Resourcing small and rural churches
Based on How Village Churches Thrive, an inspiring, practical guide from Bishop Robert Atwell and others, this programme of events offers small and rural churches guidance and support on the issues that matter most.
From the chance to contemplate with colleagues on leadership to exploring how we can flourish in rural roles and expanding on practical ideas posited in the handbook, there's something for everyone.
Free copies of How Village Churches Thrive are available to parishes attending the Rural CMD Day or the Rural Lecture, ahead of six read-along sessions. Read on to get your free copy...
How Village Churches Thrive
A Diocese of Oxford rural read-along
From October 2022 to March 2023, we hosted monthly read-alongs to How Village Churches Thrive: A Practical Guide. Each session, we were joined by an expert in the field to give advice and support on the relevant chapter topic.
Extending a warm welcome, with Katie Tupling & Polly Falconer
Making the most of life events, with Mary Harwood
Being the heartbeat of the community, with Andrew Cowell
Using buildings creatively & Caring for God’s acre, with Sophie Hammond, Hannah Robertson & Alison Riggs
Pastoral care, with Gill Thompson
Welcoming more children, with Yvonne Morris
- Don't stop expecting people to be new - if you build it, they will come!
- Sometimes we say everyone's welcome, but our building says something different. Whether it's good access to the toilet, installing wheelchair ramps or much bigger work, Disability Advisor Katie Tupling can help.

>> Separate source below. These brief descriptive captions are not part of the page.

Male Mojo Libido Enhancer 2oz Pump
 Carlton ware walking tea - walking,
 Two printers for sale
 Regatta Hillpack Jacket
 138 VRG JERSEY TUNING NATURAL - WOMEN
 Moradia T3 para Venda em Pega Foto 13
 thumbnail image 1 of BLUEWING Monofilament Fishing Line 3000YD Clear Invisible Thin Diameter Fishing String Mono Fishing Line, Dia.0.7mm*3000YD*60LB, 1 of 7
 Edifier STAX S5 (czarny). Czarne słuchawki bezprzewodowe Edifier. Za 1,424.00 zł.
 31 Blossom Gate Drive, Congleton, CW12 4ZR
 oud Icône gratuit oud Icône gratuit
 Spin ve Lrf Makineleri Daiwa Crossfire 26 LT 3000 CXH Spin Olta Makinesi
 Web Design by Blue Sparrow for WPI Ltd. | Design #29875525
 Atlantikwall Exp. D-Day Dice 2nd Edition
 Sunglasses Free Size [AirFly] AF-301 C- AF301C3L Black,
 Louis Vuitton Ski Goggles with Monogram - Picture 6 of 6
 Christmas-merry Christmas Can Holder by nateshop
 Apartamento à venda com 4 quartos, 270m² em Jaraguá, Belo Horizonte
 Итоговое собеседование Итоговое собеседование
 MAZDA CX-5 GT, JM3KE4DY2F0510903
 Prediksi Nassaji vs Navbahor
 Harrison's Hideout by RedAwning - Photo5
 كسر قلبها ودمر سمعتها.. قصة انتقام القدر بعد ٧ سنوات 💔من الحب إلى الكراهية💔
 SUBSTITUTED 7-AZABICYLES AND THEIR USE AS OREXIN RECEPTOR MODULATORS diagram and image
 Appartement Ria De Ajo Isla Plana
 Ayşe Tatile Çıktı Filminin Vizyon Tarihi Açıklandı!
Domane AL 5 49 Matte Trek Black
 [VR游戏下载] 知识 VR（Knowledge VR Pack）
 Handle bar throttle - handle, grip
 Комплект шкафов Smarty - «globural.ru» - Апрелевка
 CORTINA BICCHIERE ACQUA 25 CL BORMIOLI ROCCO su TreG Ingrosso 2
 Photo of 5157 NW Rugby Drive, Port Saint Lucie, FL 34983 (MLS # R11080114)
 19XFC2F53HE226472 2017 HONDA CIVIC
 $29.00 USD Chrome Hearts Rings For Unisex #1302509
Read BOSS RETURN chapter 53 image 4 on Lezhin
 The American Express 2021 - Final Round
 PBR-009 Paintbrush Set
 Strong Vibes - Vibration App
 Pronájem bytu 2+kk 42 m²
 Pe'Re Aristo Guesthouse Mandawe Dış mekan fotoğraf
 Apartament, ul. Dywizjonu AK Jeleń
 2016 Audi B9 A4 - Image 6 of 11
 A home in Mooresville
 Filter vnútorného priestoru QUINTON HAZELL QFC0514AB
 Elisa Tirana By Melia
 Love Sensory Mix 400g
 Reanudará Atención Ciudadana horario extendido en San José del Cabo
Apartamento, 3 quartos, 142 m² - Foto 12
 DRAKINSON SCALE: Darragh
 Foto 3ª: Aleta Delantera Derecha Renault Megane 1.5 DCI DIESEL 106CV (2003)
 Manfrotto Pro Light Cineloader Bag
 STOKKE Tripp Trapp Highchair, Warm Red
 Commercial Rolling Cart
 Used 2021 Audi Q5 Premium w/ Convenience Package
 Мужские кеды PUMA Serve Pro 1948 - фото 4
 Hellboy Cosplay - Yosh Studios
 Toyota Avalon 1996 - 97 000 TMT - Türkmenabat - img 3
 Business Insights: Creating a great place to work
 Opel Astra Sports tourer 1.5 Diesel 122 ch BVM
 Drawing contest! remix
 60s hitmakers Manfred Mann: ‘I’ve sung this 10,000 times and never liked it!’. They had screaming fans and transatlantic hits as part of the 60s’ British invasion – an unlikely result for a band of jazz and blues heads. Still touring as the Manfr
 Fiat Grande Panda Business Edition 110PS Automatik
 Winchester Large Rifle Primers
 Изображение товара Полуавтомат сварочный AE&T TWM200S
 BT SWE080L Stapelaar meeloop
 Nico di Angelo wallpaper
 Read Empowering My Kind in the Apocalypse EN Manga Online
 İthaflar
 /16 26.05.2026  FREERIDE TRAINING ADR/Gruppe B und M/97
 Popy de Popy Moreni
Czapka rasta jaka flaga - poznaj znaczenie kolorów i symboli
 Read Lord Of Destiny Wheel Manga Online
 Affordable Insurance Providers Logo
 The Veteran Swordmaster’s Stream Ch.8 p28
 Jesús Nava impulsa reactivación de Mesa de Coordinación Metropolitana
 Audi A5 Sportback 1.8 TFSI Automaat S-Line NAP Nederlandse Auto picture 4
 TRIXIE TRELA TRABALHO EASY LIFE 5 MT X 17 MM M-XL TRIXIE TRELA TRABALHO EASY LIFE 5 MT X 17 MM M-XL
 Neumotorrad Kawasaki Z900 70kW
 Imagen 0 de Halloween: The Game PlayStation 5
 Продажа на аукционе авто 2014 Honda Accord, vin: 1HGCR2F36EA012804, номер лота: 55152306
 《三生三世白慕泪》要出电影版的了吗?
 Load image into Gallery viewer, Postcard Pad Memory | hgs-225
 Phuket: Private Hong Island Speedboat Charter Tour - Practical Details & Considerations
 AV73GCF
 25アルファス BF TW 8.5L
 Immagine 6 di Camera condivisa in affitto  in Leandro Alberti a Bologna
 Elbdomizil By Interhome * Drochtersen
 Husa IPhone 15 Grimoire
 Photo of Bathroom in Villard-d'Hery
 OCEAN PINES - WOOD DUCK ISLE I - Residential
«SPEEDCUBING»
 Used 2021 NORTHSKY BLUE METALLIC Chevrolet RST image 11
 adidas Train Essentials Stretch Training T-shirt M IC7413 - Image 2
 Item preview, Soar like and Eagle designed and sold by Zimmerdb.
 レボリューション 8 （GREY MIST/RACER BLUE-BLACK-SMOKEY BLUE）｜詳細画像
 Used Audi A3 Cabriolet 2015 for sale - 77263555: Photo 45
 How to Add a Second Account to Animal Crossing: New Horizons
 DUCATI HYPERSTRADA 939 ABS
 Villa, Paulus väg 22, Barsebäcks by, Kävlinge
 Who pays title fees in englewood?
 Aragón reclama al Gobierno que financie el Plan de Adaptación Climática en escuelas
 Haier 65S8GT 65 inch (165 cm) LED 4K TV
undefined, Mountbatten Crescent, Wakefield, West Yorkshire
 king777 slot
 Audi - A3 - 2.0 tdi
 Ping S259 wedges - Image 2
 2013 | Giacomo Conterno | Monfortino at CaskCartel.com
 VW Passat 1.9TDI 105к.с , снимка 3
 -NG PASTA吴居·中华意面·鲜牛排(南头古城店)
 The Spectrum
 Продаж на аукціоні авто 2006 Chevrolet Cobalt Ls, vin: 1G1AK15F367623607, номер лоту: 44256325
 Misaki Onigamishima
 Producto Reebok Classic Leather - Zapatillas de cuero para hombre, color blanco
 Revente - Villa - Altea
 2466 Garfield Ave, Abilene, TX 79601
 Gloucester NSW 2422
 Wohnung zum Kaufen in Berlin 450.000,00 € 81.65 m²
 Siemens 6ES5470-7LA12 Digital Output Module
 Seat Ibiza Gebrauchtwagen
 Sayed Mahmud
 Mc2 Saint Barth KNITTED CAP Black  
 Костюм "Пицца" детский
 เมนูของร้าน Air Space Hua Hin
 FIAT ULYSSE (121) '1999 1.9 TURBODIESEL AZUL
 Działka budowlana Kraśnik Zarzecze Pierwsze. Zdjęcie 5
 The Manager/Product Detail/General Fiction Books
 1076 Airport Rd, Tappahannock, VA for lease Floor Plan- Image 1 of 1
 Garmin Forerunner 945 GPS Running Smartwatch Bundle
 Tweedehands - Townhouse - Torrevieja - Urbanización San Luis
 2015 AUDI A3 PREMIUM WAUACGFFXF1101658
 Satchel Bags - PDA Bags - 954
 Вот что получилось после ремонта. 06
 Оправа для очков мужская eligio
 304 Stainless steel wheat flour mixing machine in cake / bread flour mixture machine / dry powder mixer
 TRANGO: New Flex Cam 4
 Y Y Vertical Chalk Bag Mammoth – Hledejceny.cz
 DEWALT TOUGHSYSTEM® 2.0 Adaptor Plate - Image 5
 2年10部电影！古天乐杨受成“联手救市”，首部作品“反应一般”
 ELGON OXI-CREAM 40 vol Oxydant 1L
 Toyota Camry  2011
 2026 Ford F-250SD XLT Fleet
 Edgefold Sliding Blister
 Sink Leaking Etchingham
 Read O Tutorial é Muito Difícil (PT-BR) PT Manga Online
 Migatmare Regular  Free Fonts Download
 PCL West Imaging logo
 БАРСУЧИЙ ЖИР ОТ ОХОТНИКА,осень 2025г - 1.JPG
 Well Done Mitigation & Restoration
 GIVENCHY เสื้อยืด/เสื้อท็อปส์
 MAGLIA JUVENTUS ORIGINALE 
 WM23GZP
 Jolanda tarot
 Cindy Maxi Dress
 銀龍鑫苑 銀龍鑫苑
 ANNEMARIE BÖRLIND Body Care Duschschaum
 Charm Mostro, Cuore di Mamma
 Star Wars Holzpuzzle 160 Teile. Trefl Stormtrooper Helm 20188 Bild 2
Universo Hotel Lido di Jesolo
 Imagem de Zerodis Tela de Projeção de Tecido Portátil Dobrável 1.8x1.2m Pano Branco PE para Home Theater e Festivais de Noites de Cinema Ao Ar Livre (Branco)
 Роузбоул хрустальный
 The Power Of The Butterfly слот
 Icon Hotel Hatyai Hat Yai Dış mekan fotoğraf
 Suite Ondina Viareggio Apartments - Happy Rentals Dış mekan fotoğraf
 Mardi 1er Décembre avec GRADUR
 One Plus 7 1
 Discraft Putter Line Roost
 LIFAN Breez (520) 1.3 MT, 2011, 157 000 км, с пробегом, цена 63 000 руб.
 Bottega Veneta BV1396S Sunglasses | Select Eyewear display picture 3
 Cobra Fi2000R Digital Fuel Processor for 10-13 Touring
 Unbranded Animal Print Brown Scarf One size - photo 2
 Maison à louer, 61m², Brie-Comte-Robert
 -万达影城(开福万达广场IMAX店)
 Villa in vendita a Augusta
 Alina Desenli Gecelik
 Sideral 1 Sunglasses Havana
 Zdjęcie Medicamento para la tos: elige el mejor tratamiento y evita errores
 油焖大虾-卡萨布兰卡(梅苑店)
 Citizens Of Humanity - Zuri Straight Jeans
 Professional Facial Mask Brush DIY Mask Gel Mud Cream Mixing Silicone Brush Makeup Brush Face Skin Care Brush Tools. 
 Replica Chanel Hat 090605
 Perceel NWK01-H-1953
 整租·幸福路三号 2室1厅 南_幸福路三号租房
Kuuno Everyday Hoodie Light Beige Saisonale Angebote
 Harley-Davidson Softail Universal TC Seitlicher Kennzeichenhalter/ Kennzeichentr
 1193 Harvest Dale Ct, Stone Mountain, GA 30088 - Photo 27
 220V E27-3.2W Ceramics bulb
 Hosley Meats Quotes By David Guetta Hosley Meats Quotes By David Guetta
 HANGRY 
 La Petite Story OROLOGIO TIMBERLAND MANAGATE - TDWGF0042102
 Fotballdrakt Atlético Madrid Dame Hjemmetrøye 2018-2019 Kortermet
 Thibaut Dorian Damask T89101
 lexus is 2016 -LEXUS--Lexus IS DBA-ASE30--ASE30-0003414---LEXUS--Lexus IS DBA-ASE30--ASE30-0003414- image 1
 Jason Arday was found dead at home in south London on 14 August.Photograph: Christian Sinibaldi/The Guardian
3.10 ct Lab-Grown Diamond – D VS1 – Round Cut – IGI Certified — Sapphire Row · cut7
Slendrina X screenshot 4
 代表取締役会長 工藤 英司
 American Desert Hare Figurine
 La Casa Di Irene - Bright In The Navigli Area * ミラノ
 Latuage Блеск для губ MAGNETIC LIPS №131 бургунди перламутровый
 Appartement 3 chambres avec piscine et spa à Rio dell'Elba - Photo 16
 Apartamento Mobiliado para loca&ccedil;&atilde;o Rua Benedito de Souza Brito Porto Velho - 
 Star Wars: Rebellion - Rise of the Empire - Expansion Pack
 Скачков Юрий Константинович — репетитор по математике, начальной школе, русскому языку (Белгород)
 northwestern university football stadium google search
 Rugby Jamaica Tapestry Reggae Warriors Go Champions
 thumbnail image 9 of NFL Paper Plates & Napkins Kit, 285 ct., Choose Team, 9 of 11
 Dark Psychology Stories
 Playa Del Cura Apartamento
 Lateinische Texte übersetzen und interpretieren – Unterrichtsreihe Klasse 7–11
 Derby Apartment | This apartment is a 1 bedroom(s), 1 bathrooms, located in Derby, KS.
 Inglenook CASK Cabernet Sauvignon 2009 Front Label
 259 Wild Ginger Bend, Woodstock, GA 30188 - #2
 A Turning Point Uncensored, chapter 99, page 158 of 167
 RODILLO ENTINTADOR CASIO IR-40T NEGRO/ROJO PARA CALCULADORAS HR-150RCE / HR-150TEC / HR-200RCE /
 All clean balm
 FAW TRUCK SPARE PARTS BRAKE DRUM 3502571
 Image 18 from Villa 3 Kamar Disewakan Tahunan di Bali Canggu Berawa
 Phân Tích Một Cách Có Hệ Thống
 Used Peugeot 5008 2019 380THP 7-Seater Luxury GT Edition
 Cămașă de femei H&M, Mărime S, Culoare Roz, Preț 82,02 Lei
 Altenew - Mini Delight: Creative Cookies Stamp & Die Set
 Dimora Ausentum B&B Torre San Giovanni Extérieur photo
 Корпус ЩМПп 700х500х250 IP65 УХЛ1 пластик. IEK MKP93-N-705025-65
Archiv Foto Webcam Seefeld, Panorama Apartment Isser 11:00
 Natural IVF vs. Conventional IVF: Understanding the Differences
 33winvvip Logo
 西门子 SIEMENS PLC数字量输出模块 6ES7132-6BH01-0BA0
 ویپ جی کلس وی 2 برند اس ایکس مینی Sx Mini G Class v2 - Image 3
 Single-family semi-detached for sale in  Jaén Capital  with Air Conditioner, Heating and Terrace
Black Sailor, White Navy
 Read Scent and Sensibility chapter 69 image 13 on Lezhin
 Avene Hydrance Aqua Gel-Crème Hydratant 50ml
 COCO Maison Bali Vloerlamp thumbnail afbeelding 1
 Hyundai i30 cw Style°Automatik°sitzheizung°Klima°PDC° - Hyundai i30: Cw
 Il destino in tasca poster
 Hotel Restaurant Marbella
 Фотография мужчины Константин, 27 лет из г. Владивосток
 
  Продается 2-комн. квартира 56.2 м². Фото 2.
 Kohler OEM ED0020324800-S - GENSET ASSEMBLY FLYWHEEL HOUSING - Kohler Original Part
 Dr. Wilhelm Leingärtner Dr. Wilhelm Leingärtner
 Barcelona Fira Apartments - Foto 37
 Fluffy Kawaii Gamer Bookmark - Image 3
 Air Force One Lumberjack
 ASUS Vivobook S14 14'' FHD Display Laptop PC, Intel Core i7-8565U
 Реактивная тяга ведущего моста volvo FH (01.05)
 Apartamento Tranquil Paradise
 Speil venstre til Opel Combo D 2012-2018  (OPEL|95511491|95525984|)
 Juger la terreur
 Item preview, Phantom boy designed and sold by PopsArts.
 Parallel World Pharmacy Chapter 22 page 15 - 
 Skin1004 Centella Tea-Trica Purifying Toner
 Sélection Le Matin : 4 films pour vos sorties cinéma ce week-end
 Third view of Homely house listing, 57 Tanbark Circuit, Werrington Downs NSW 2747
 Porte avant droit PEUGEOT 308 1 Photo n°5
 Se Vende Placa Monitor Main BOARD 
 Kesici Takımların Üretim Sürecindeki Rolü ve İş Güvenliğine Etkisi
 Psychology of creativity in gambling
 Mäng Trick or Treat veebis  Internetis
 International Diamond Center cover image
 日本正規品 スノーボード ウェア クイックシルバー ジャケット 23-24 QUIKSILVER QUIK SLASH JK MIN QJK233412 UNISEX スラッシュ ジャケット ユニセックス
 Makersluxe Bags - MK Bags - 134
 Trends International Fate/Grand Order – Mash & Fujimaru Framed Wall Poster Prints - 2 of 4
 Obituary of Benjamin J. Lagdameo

- Different cultures feel welcomed differently - but everyone will value a proper introduction. Give newcomers your name and ask for theirs, before introducing them to someone on their pew.
- Consider the imagery around your church - can you make it more diverse? People will feel more comfortable if they see people like them up front, on the noticeboards, in artwork etc. The UKME Chapter are available as free guest preachers.
- Welcome starts outside the church - can you go out into your community and meet people there? Can you put out useful items for eg cyclists or walkers?
- Extend your welcome to children and families - can they run around and make noise? How would you deal with a member of the congregation upset by the noise? Don't make women breastfeed in the toilet - let them know where they're welcome.
- The work is never 'done'. Everybody is a welcomer, and it's an ongoing journey.
- Little things can have a big impact. Putting out a welcome sign and making sure opening hours are clearly signposted is a great starting point. An up-to-date noticeboard gives a good first impression.
Sophie Hammond from the DAC Church Buildings team discussed how we can make the most of our village church buildings. Download Sophie's slides.
“Clever planning can save both space and money.”
What can your church offer that no other building in the community can? What does your community need that isn’t currently being offered? Ask them!
Simple A-frame signs require no permission and can be regularly updated to show passersby that your church is active and welcoming.
Often there’s more than one way to do things. Start with ‘what is the least we can do?’ in terms of intervention to meet our needs and go from there.
Sophie shared two interesting case studies - St Michael & All Angels Aston Clinton's Repair Café project, and Baulking St Nicholas' updated toilet, kitchen and vestry facilities.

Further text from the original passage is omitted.